## TRY IT
The required output is the lines below from the line containing "Le résultat est" to the line containing "Lookah Whale Electronic", inclusive, retyped exactly. No other lines belong in it.

---------- ENTRIES SUPPLIED ----------

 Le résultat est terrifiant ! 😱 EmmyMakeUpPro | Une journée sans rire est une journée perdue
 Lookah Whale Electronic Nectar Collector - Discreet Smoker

----------
---------- ENTRIES SUPPLIED ----------

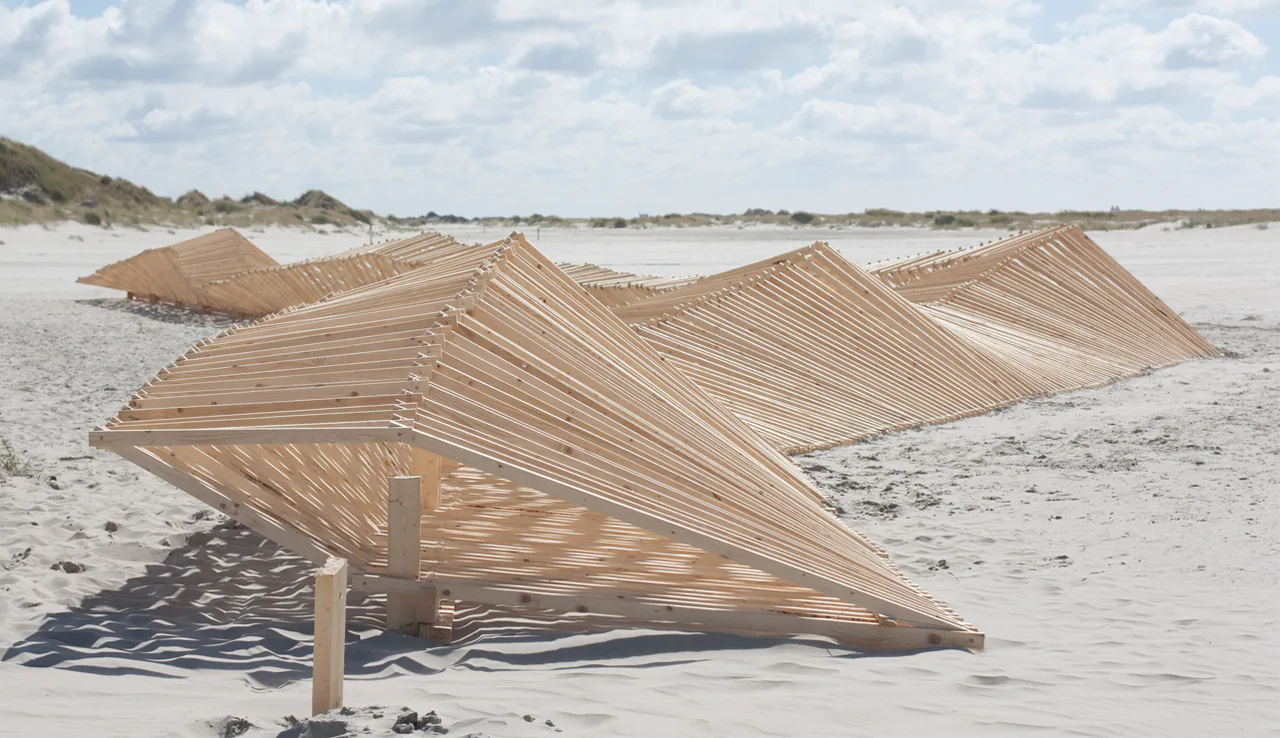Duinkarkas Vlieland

----------

## SOLUTION FOR THIS TASK
 Le résultat est terrifiant ! 😱 EmmyMakeUpPro | Une journée sans rire est une journée perdue
 Lookah Whale Electronic Nectar Collector - Discreet Smoker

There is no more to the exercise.